*** GIVEN RECORDS Section Begins ***
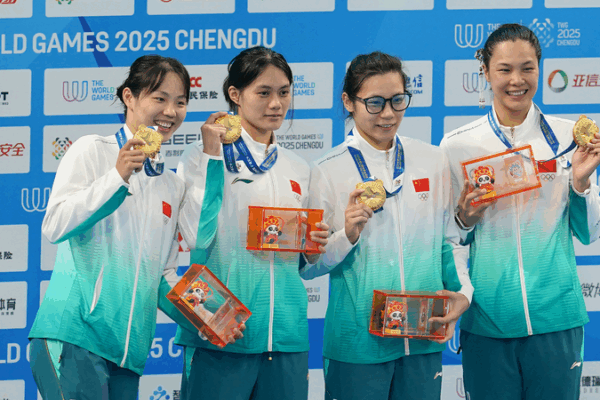 China Smashes Finswimming Relay Record at Chengdu World Games China_Smashes_Finswimming_Relay_Record_at_Chengdu_World_Games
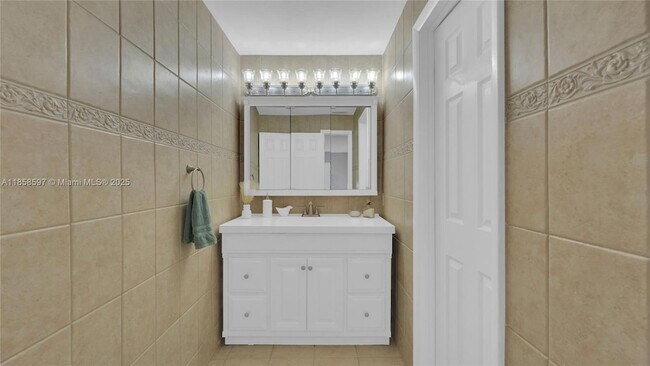 Building Photo - 540 Pebble Creek Terrace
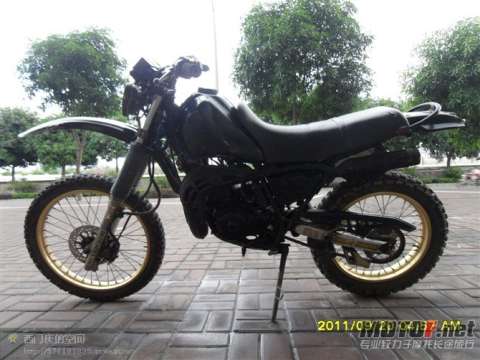 雅马哈DT200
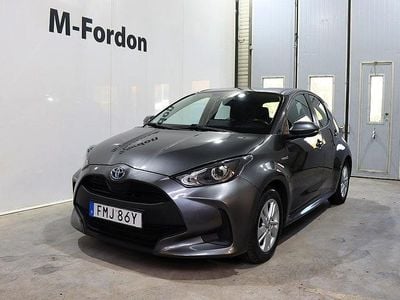 Mörkgrå Begagnad 2021 Toyota Yaris Hybrid Active Halvkombi | 174 700 kr (Marknadspris)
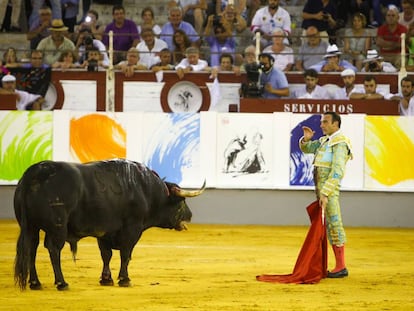 Enrique Ponce simula la suerte de matar ante el toro Jaraiz, en Málaga.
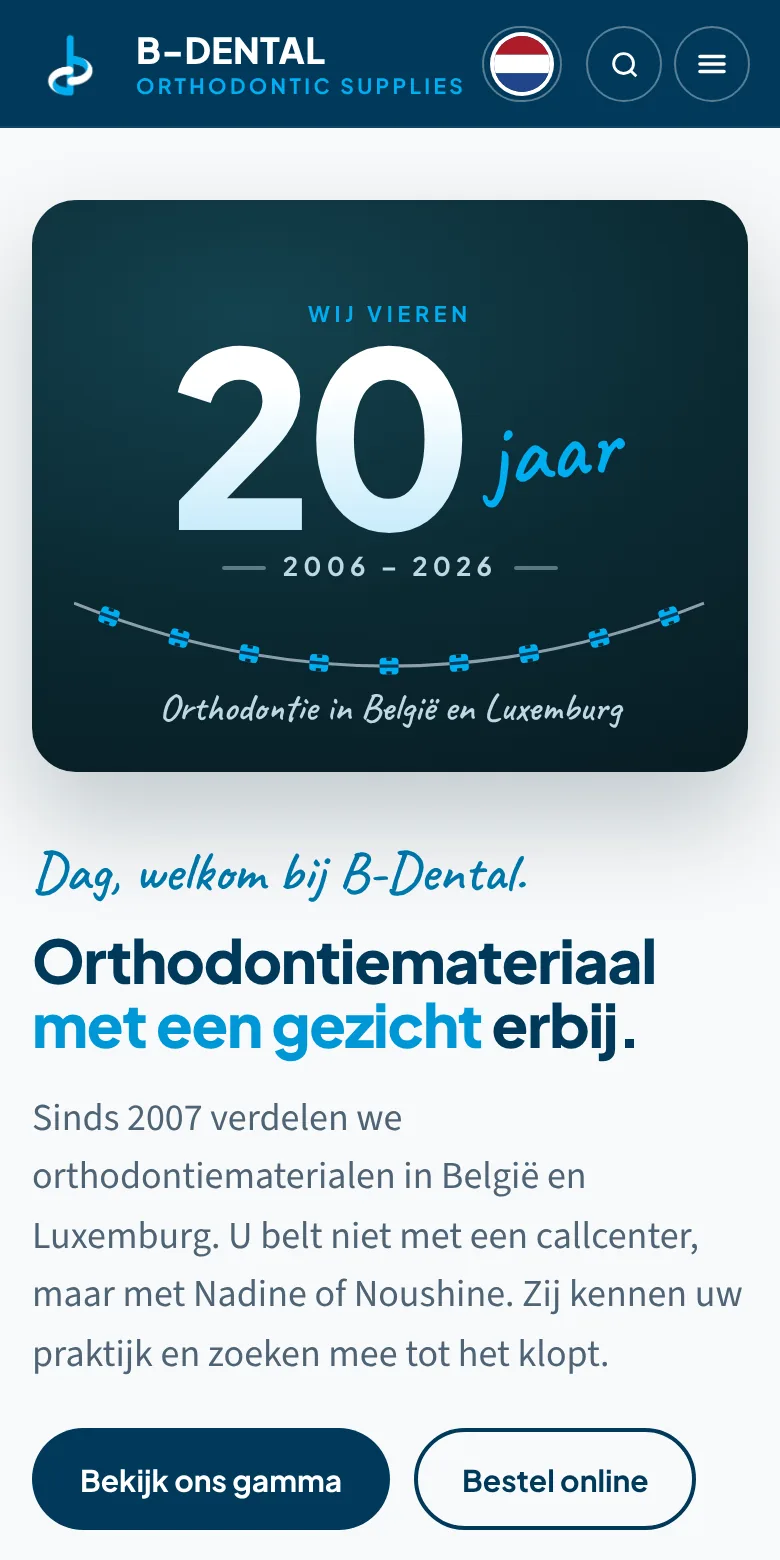 De homepage van B-Dental op een gsm: twintig jaar, en orthodontiemateriaal met een gezicht erbij.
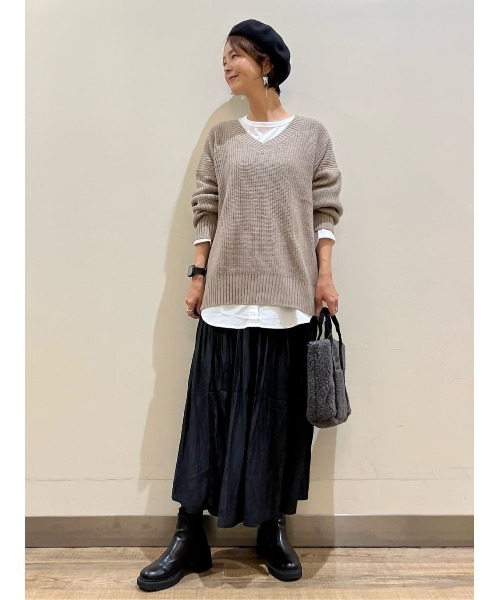 HONEYSUCKLE ROSE（ハニーサックルローズ）の「【HONEYSUCKLE ROSE】畦編みＶネックニット（ニット/セーター・レディース・ブラック/ブルー/ベージュ・L/M）」の18枚目の写真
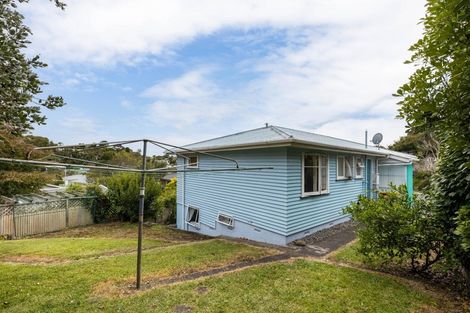 Photo of property in 6 Sardinha Place, Marfell, New Plymouth, 4310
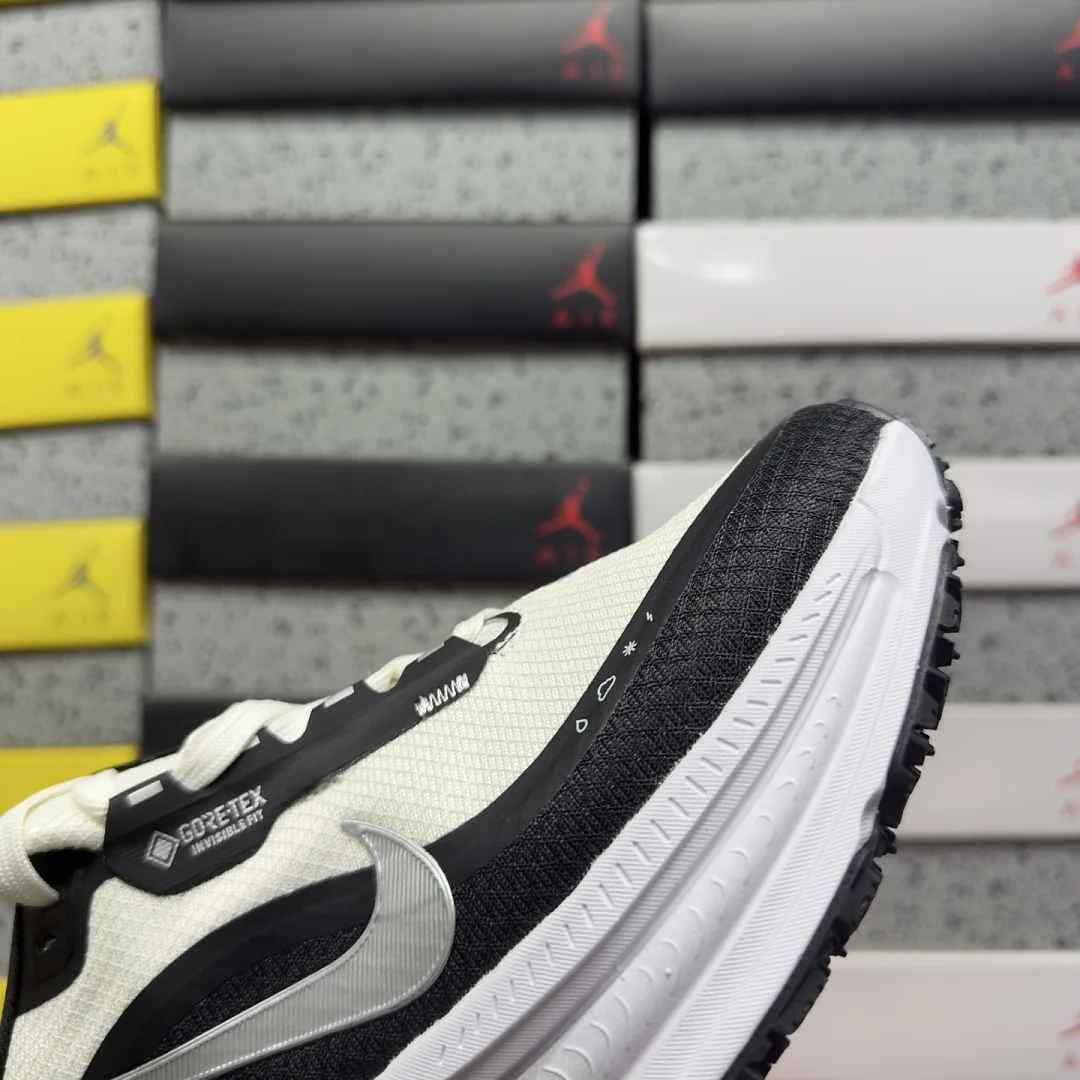 나이키 [XY] 보메로 18 201888 Nike Vomero 18 HQE98-007 상세 이미지 3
*** GIVEN RECORDS Section Ends ***
THE TASK: Nothing but the lines from the line with "Photo of property" through the last line of the listing should be copied, exactly and with both ends kept. Leave pictures out.

EXERCISE RESPONSE:
 Photo of property in 6 Sardinha Place, Marfell, New Plymouth, 4310
 나이키 [XY] 보메로 18 201888 Nike Vomero 18 HQE98-007 상세 이미지 3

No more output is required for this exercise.